● EXERCISE DIRECTIONS
Could you give back exactly the lines below from the one with "Hawaiian Funny Santa" through the one with "Stainless Steel French", without a single picture?

● EXTRACTED MATERIAL
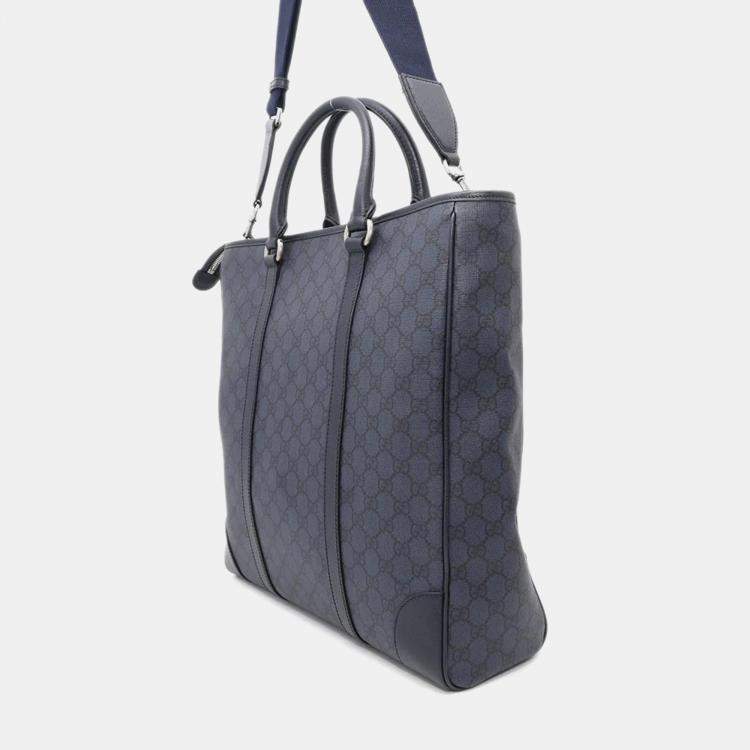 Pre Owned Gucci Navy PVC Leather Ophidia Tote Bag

--

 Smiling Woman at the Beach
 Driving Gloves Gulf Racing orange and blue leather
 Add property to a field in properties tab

--

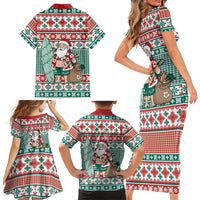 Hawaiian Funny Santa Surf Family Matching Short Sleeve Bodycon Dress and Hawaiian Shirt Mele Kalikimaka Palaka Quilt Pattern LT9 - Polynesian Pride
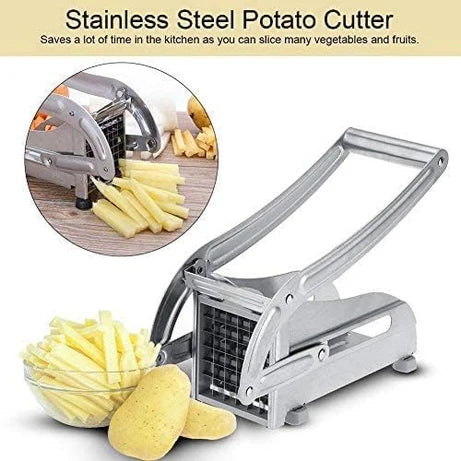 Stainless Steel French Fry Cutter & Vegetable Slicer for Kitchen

● RESULT OF THIS EXERCISE
 Hawaiian Funny Santa Surf Family Matching Short Sleeve Bodycon Dress and Hawaiian Shirt Mele Kalikimaka Palaka Quilt Pattern LT9 - Polynesian Pride
 Stainless Steel French Fry Cutter & Vegetable Slicer for Kitchen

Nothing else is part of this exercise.